Yesterday evening while walking around, Lime and I passed a TV that was showing news of yet another celebrity suicide, not this one but apparently another, a singer. She mentioned that the singer’s suicide really surprised her, more than the movie-actor’s girlfriend and the actress’. I asked her, “Why did she do it?” and she told me that it was apparently depression, and that this was the apparent cause of the other suicides that have been happening lately.

“Huh, but why were they depressed?” I asked.

She turned and said one of those one-liners that was halfway a joke, but half-way serious: “This is Korea. Everyone’s depressed.”

It’s not exactly true, but I did have a discomfiting experience on the subway when a very nice fellow struck up a conversation with me that finally led to him asking me whether I could help him get citizenship in Canada. Isn’t that the kind of thing one hears about in, oh, Viet Nam or Burma or something?

Anyway, there has been a rash of celebrity suicides in Korea, and I don’t know why. It’d be nice, though, if this spurred a public awareness campaign that might convince people to seriously consider professional psychiatric help if they’re depressed? I know, I know, any accusation of mental illness here is tantamount to a mama-joke, and mama-jokes don’t fly over here, and I don’t think that Korea needs to follow America’s lead on psychoactive medications for every complaint… but it’d be nice if lessening the stigma about mental health problems saved some lives. After all, Korea has been a world leader in terms of its rate of increase in suicide for years now, and finally beat out Japan, Hungary, and even dark and chilly (ie. S.A.D.-inducing) Finland for the top suicide rate of all OECD nations in 2005, at a rate more than double what it was a little over a decade ago.

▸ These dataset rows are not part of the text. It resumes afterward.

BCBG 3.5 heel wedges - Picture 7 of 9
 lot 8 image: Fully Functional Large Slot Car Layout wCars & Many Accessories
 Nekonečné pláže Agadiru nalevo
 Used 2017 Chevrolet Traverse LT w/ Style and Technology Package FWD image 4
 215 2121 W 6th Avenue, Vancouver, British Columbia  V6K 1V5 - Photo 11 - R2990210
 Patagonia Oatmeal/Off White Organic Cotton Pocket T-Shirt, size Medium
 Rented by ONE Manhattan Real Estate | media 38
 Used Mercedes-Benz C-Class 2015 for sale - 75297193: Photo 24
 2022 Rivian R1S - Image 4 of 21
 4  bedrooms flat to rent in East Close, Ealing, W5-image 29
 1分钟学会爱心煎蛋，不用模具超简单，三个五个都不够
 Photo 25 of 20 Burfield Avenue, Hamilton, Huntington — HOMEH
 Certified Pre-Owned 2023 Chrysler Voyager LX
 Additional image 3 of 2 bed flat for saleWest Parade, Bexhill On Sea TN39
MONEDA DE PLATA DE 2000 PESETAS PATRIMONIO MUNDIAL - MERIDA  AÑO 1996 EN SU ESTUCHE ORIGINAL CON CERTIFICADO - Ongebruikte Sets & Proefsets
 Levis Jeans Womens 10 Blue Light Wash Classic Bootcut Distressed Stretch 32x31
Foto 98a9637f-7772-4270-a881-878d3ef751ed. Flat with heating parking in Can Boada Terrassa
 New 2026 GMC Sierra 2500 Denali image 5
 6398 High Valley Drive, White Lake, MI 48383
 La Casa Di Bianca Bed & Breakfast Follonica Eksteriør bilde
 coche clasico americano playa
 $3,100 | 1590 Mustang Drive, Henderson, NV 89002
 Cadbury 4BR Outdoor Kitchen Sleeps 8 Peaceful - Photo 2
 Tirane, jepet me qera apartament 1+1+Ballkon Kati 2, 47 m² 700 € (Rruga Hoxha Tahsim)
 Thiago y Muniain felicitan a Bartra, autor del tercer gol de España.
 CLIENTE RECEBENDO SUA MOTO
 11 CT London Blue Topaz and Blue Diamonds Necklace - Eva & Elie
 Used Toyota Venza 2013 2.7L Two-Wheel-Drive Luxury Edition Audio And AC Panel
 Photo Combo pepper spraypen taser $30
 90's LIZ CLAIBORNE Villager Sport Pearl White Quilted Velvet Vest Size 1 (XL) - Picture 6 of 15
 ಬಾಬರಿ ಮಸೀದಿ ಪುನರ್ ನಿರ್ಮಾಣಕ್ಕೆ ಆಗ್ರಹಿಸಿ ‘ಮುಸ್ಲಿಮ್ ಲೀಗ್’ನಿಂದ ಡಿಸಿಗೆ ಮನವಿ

For the record, while I doubt that there’s anything to the idea that it has anything to do with the ostensible Ural-Altaic language family (which Marmot didn’t really seem to pose seriously at all), it may well be that that those cultures also happen to have (a) gone through a lot of social transition lately, and (b) not be very open to psychiatric help. Since I know very little about Finand and Hungary, I really do wonder what Antti would say.